Panelists:Fadi Braiteh, MD, Comprehensive Cancer Centers of Nevada; Richard M. Goldberg, MD, Ohio State University Comprehensive Cancer Center; Howard S. Hochster, MD, Yale Cancer Center; John L. Marshall, MD, Georgetown University Hospital
Published: Friday, Sep 11, 2015

 
A longer duration of treatment can be utilized for patients with colorectal cancer who continued to respond following 3 months of treatment with chemotherapy and bevacizumab, as long as there is a decrease in carcinoembryonic antigen (CEA) levels and good performance status, says Howard S. Hochster, MD. While the best response to treatment is usually seen at 3 months, patients often continue to respond, notes Hochster. During the extended treatment period, scans should be repeated every 2 months.

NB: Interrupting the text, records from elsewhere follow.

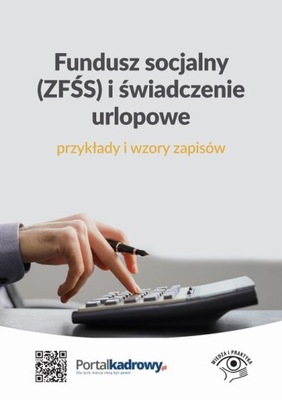 Fundusz socjalny (ZFŚS) i świadczenie urlopowe – przykłady i wzory zapisów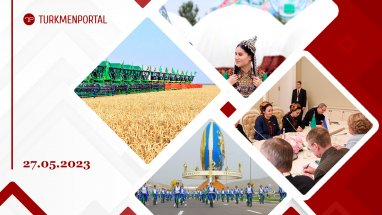 Turkmenistan and Russia will sign a new inter-parliamentary agreement, the grain harvest season will begin in Turkmenistan on June 2, the national holiday Gurban Bayram will be celebrated from June 28 to 30 and other news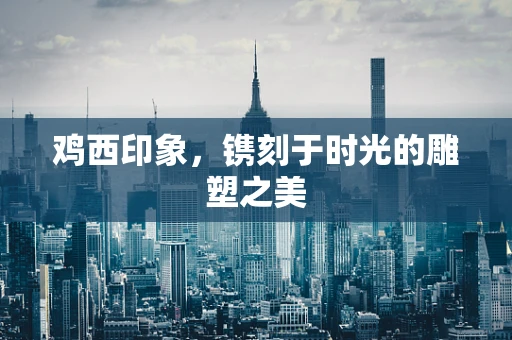 鸡西印象，镌刻于时光的雕塑之美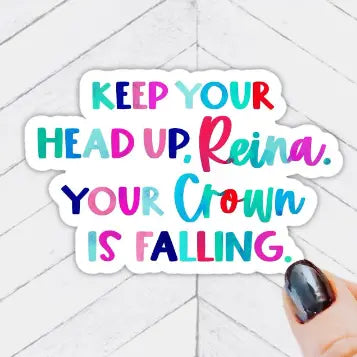 Your Crown Is Falling Sticker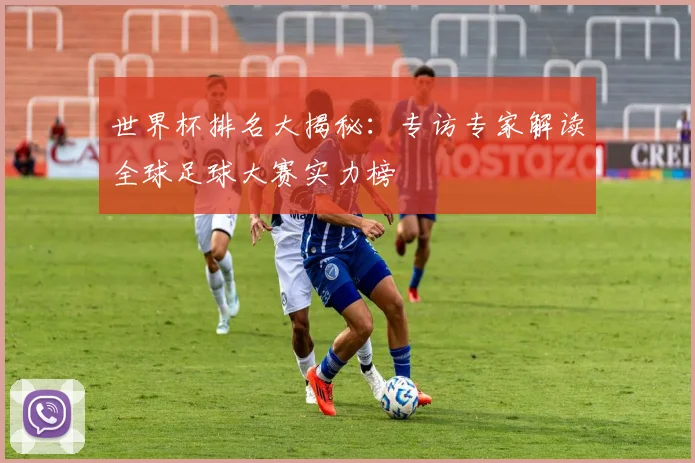 世界杯排名大揭秘：专访专家解读全球足球大赛实力榜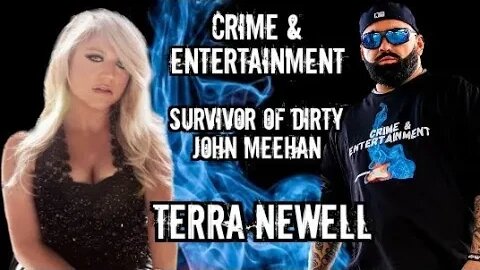 Terra Newell on Taking Out Dirty John Meehan, Inspiring a Podcast & TV Show, Life After Survival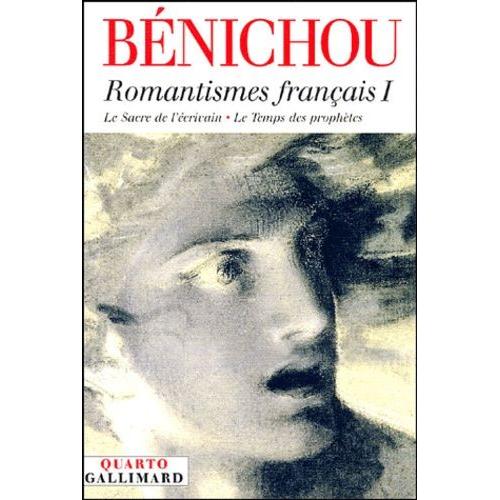 Romantismes Français - Tome 1, Le Sacre De L'écrivain - Le Temps Des Prophètes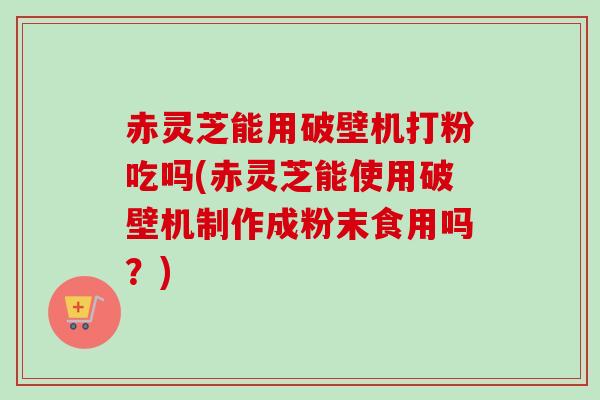 赤灵芝能用破壁机打粉吃吗(赤灵芝能使用破壁机制作成粉末食用吗?)-第1张图片-卓越灵芝孢子粉 赤灵芝能用破壁机打粉吃吗(赤灵芝能使用破壁机制作成粉末食用吗?)-第1张图片-卓越灵芝孢子粉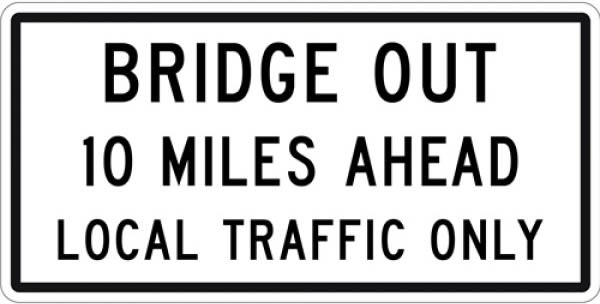 Bridge Out Local Traffic Only Sign - R11-3b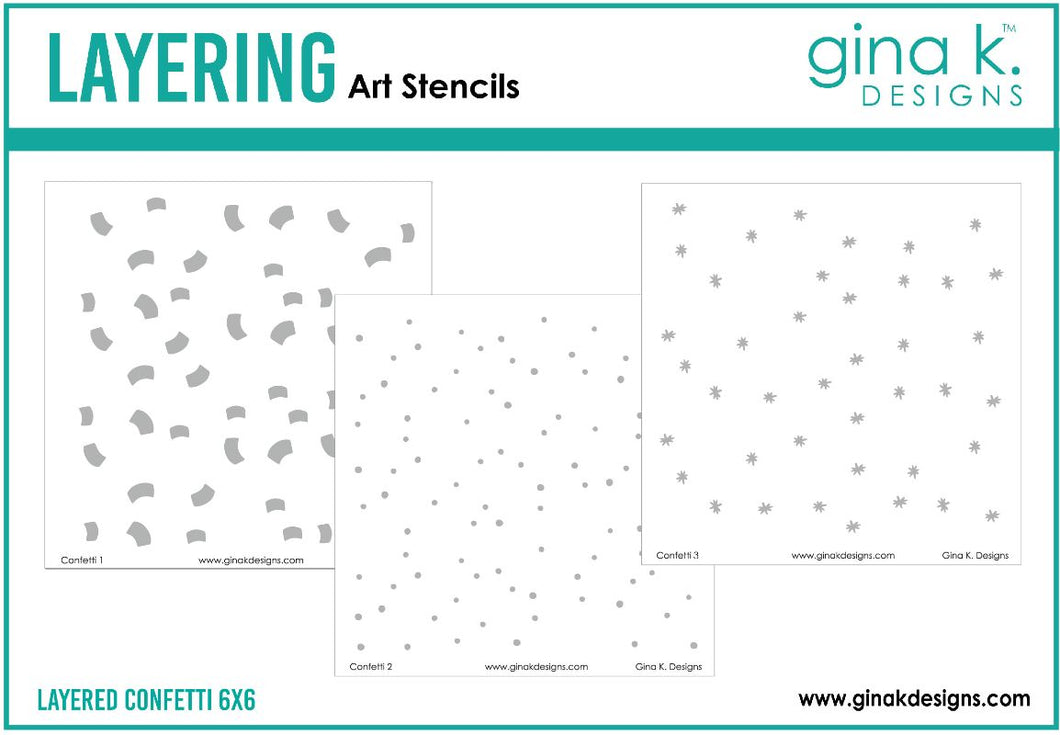 Gina K. Designs - Stencil - Layered Confetti. Gina K. Designs Art Screens can be used with ink, sprays, pastes, and gels to create beautiful backgrounds and images. Wash with soap and warm water. Pat dry. Made in USA.  Size: 5.875 X 5.875 inches. Available at Embellish Away located in Bowmanville Ontario Canada.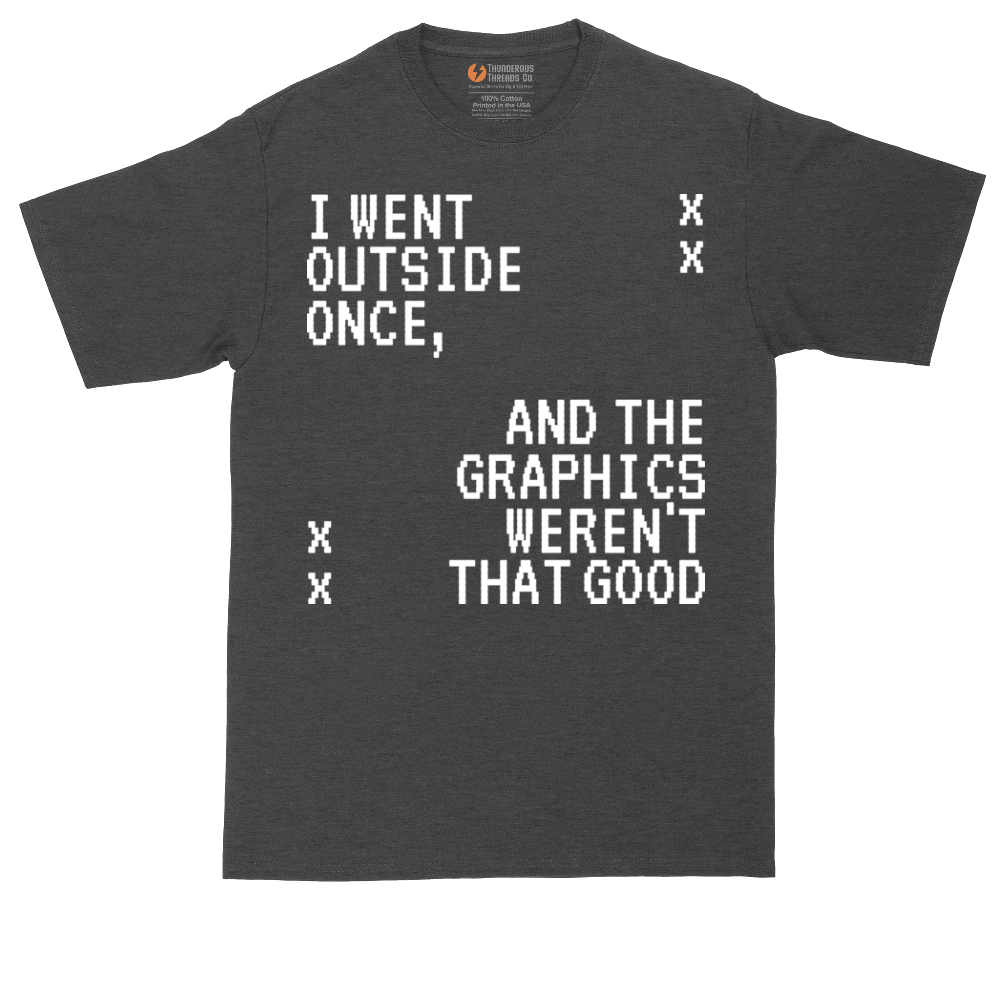I Went Outside Once and the Graphics Weren't that Good | Mens Tall T-Shirt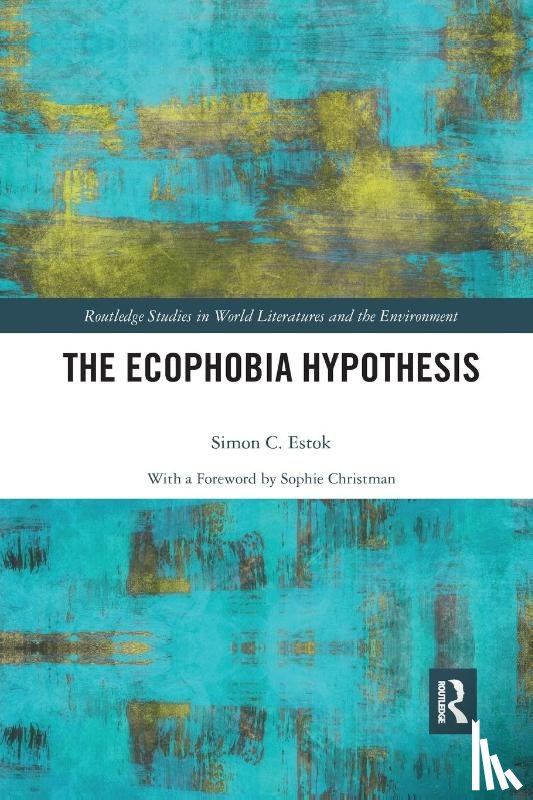 Estok, Simon (Sungkyunkwan University - The Ecophobia Hypothesis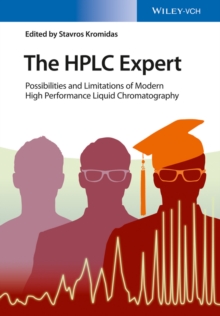 The HPLC Expert : Possibilities and Limitations of Modern High Performance Liquid Chromatography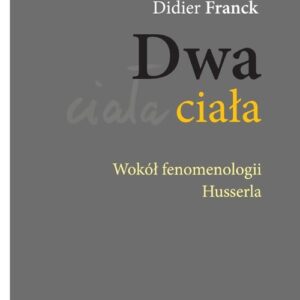 Dwa ciała. Wokół fenomenologii Husserla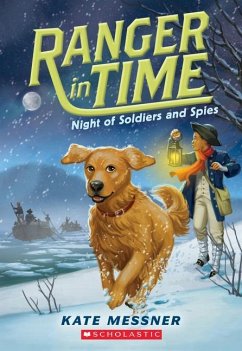 Night of Soldiers and Spies (Ranger in Time #10) - Messner, Kate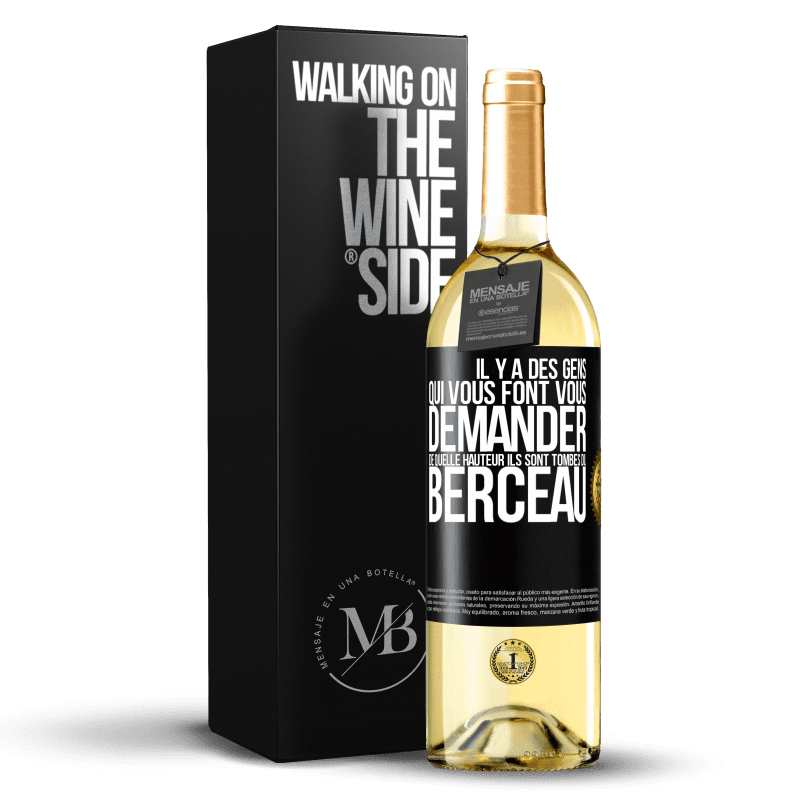 29,95 € Envoi gratuit | Vin blanc Édition WHITE Il y a des gens qui vous font vous demander de quelle hauteur ils sont tombés du berceau Étiquette Noire. Étiquette personnalisable Vin jeune Récolte 2024 Verdejo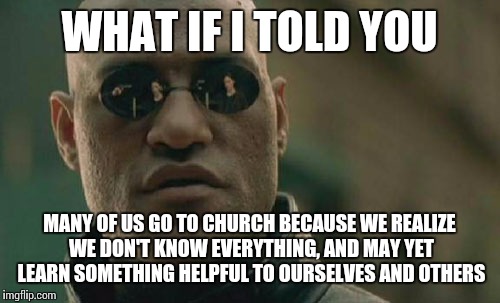 Church attendance alone doesn't produce righteousness, but a sincere relationship with your God. | WHAT IF I TOLD YOU MANY OF US GO TO CHURCH BECAUSE WE REALIZE WE DON'T KNOW EVERYTHING, AND MAY YET LEARN SOMETHING HELPFUL TO OURSELVES AND | image tagged in memes,matrix morpheus,religion | made w/ Imgflip meme maker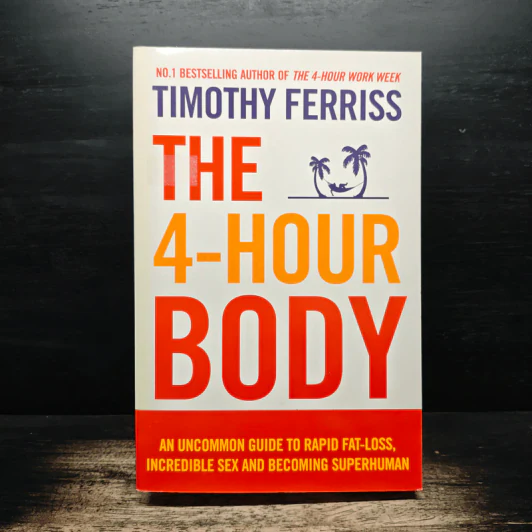 The 4-Hour Body - Timothy Ferriss รูปที่ 1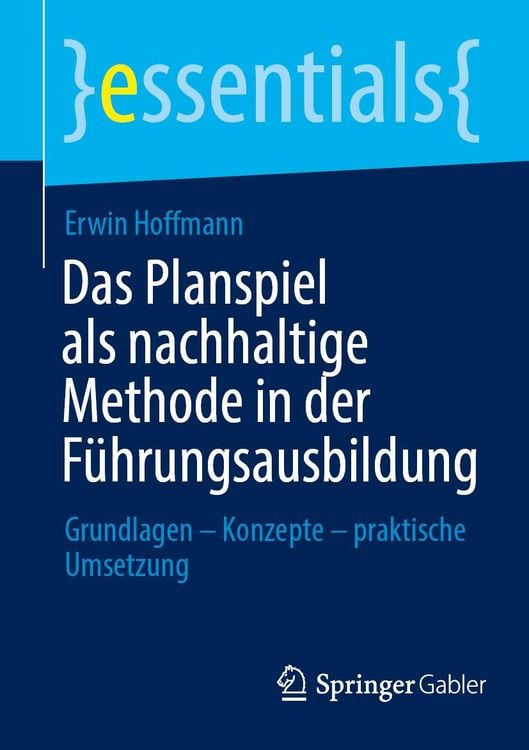 Produktbild: Das Planspiel als nachhaltige Methode in der F&uuml;hrungsausbildung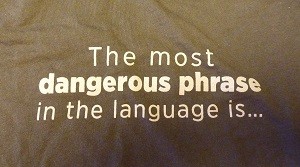 Front of t-shirt that reads: The most dangerous phrase in teh English language is...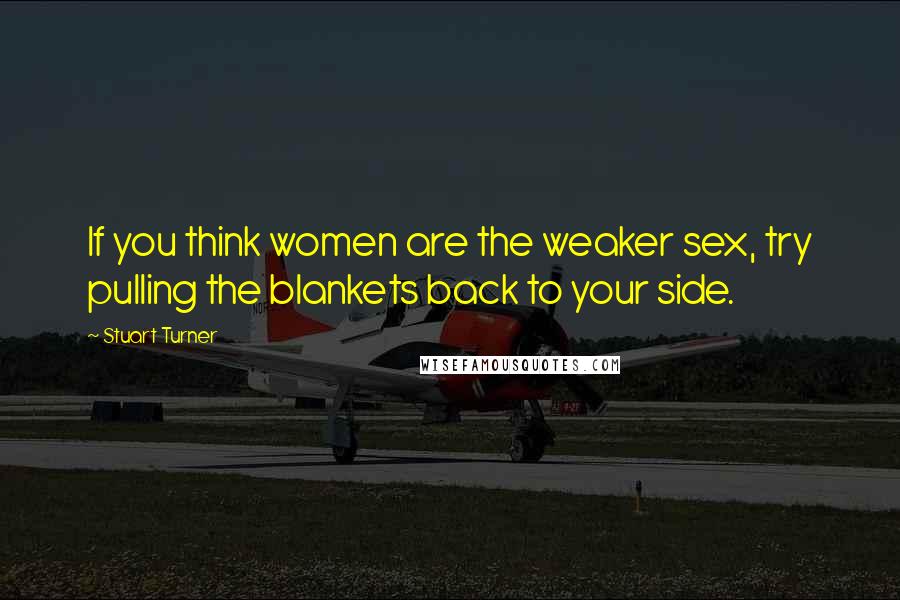 Stuart Turner Quotes: If you think women are the weaker sex, try pulling the blankets back to your side.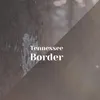 Tennessee Border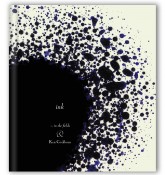 ink. a book by ~ in the fields and Ken Cockburn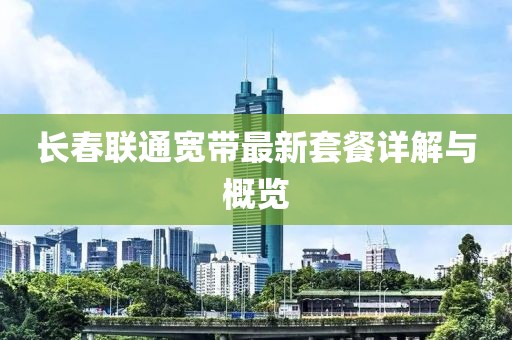長(zhǎng)春聯(lián)通寬帶最新套餐詳解與概覽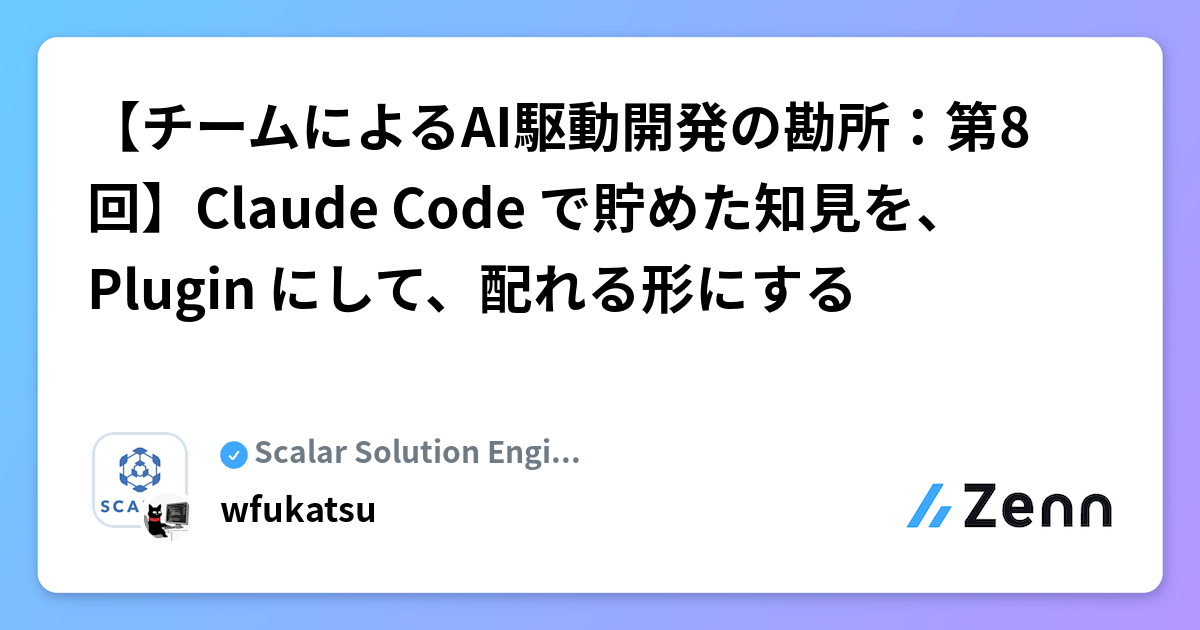 【チームによるAI駆動開発の勘所:第8回】Claude Code で貯めた知見を、 Plugin にして、配れる形にする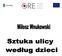 Temat: Sztuka ulicy według dzieci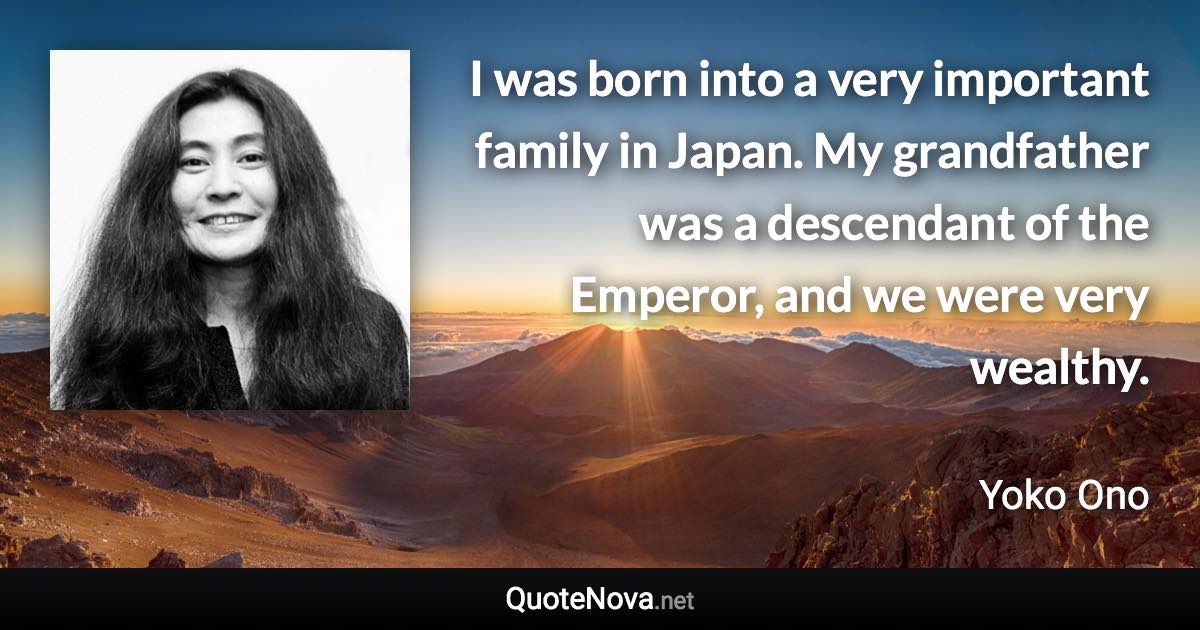 I was born into a very important family in Japan. My grandfather was a descendant of the Emperor, and we were very wealthy. - Yoko Ono quote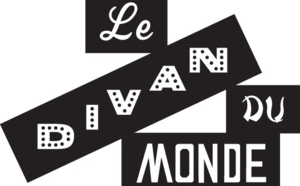 LE DIVAN DU MONDE LE DIVAN DU MONDE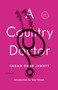 A Country Doctor (A Novel) by Sarah Orne Jewett, Amy Bloom, 9780593241950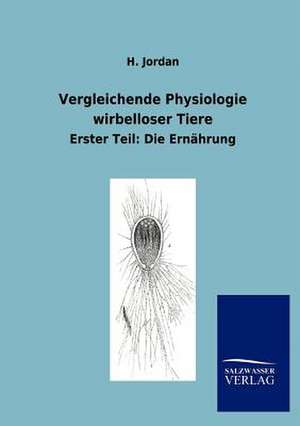 Vergleichende Physiologie wirbelloser Tiere de H. Jordan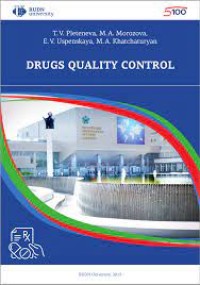 Drugs quality control (Theoretical foundation and practical application) : The Coursebook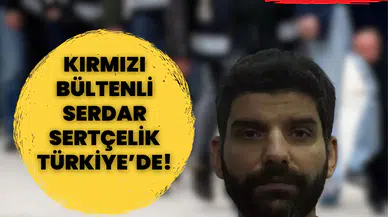 Kaçış bitti, adalet yakaladı... Kırmızı bültenli Serdar Sertçelik Türkiye’de!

After 6 months of treatment, Richard L. Goldberg, MD, transitions patients to maintenance therapy (often with fluoropyrimidine and bevacizumab), while continuing to monitor CEA levels. However, in regard to this approach, ASCO is proposing a bundle payment pathway based on outcome, which may impact treatment decisions regarding maintenance therapy with bevacizumab. This decision is based on meta-analyses that showed a minimal benefit with maintenance bevacizumab, suggesting that it is not a cost-effective treatment, suggests Goldberg.
 
The economic assessments are based on less than optimal metrics, states Hochster, noting that clinical trials may have design flaws that underestimate the true benefit of a regimen.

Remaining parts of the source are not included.